## WHAT IS EXPECTED:
For this exercise, copy all the data exactly and include none of the pictures.

┄┄┄┄┄┄

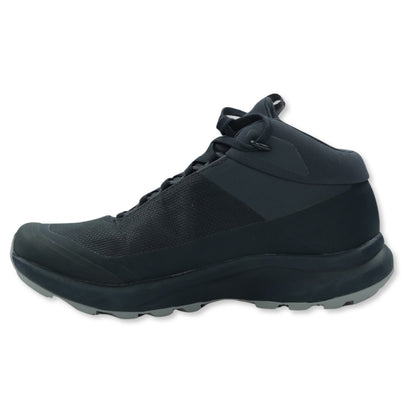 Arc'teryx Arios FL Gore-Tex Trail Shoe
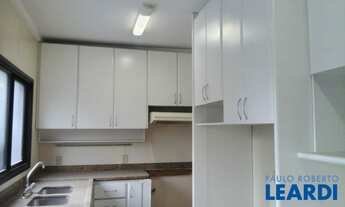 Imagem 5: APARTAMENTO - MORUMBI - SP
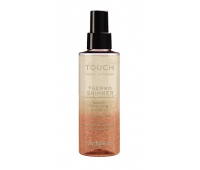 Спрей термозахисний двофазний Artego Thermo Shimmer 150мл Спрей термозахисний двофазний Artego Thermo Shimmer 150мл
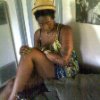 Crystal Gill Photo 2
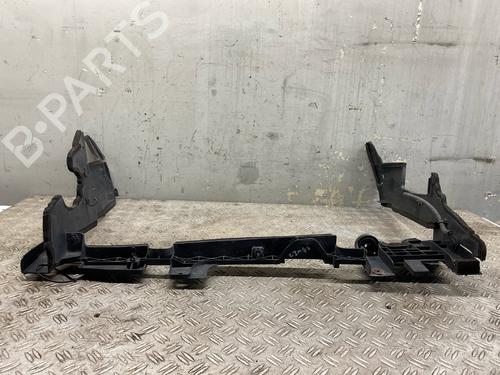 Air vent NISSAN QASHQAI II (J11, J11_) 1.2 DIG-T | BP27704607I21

┄┄┄┄┄┄

## SOLVED PROBLEM:
 Arc'teryx Arios FL Gore-Tex Trail Shoe
 Imagem 5: APARTAMENTO - MORUMBI - SP
 Спрей термозахисний двофазний Artego Thermo Shimmer 150мл Спрей термозахисний двофазний Artego Thermo Shimmer 150мл
 Crystal Gill Photo 2
 Air vent NISSAN QASHQAI II (J11, J11_) 1.2 DIG-T | BP27704607I21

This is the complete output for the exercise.